DATA EXCERPT:
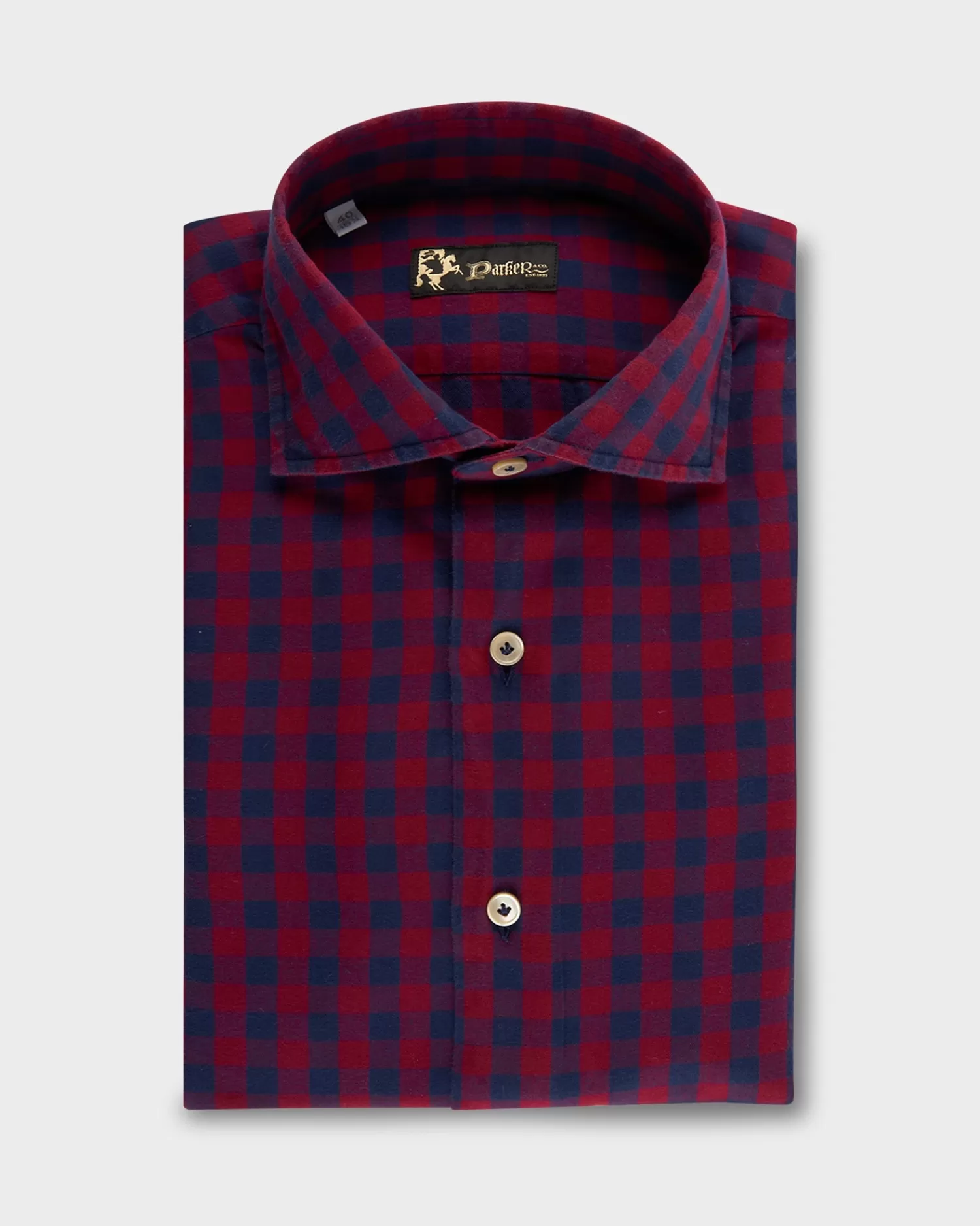 * Red And Blue Cotton Flannel Check Shirt^ Casual Shirts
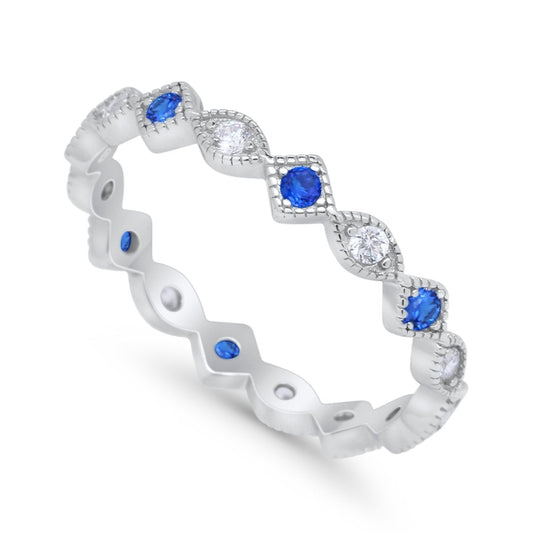 Full Eternity Wedding Band Ring Marquise Round Simulated Blue Sapphire CZ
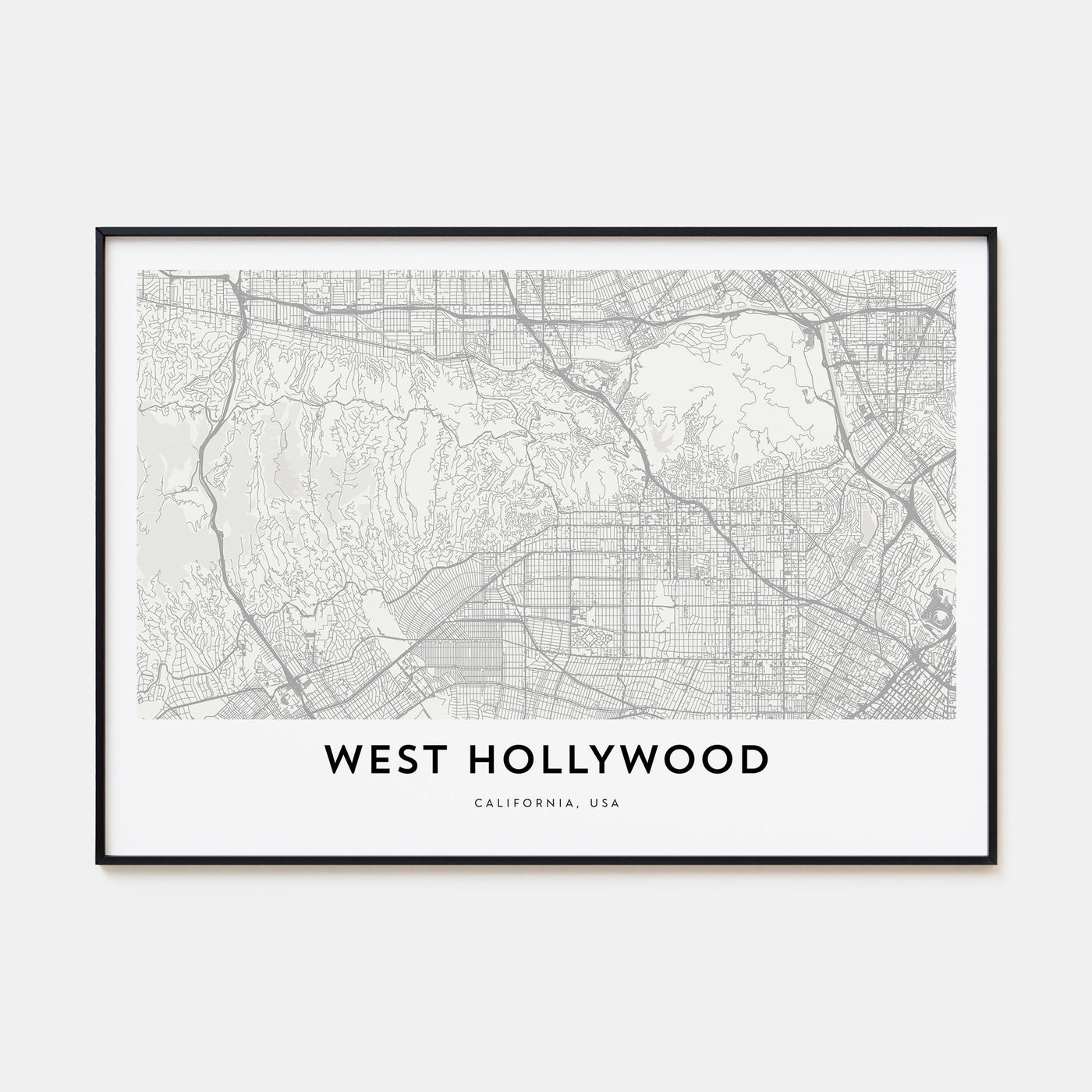 West Hollywood Map Landscape Poster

WORK INSTRUCTION: Apart from the pictures, every line of the material above is to be returned word for word.

OUTPUT OF THE TASK:
 * Red And Blue Cotton Flannel Check Shirt^ Casual Shirts
 Full Eternity Wedding Band Ring Marquise Round Simulated Blue Sapphire CZ
 West Hollywood Map Landscape Poster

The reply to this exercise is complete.